- [Exercise brief] Your answer must be the full listing below, repeated exactly, with no pictures in it.

- [Recorded data]

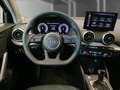 Audi Q2 35 TDI S tronic LED*GRA*RFK*Smart.Int. Schwarz - thumbnail 10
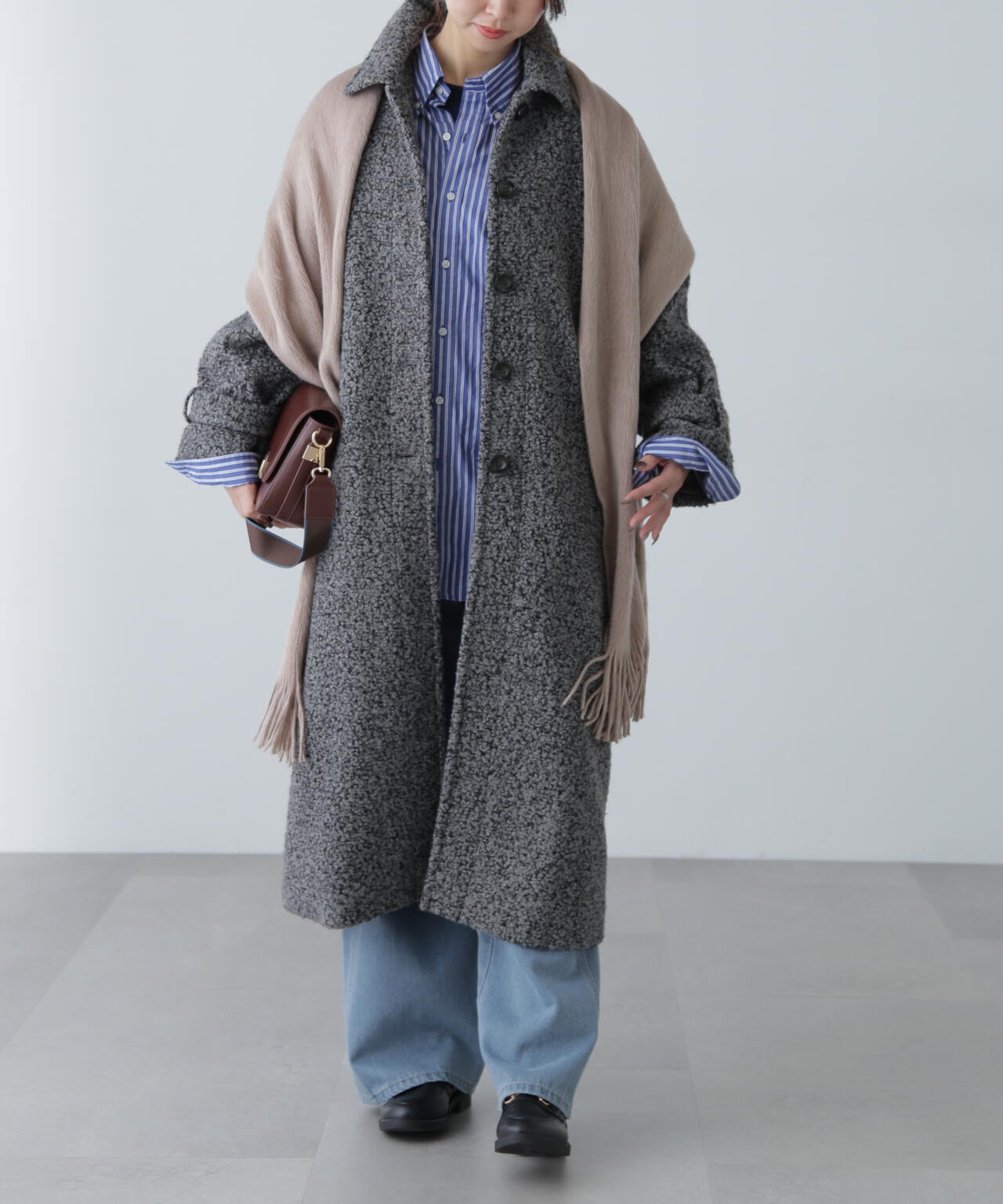 9c84c408-f3ef-5e0a-b1dc-3a0376e51a75_Image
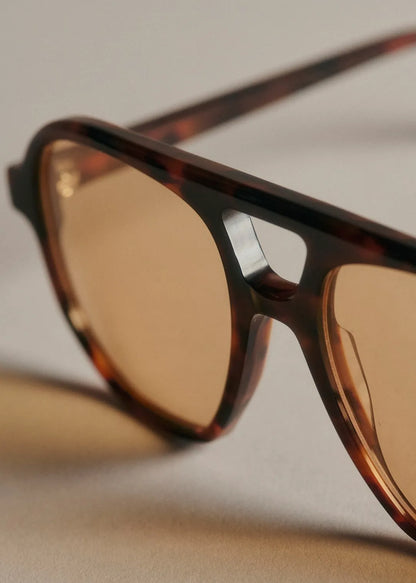 Tortoiseshell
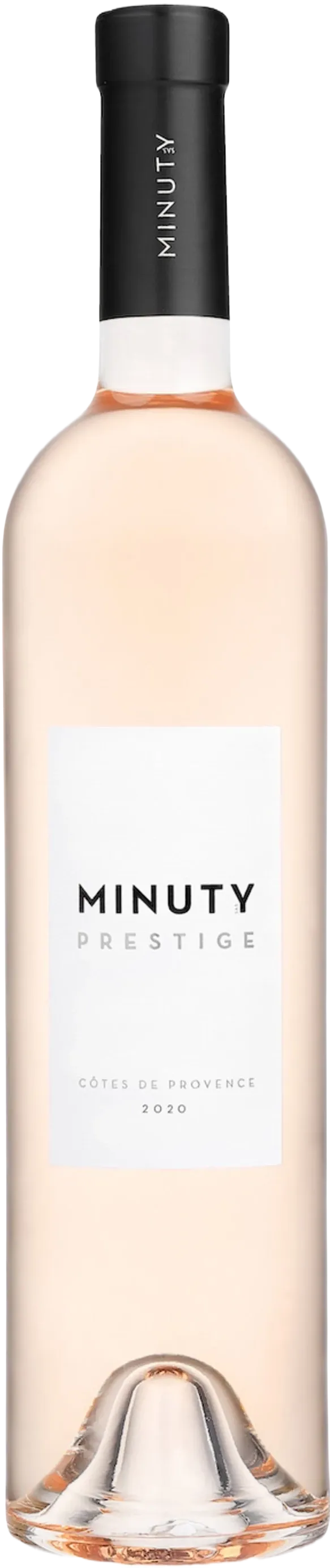 Bottle 1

- [Output below]
 Audi Q2 35 TDI S tronic LED*GRA*RFK*Smart.Int. Schwarz - thumbnail 10
 9c84c408-f3ef-5e0a-b1dc-3a0376e51a75_Image
 Tortoiseshell
 Bottle 1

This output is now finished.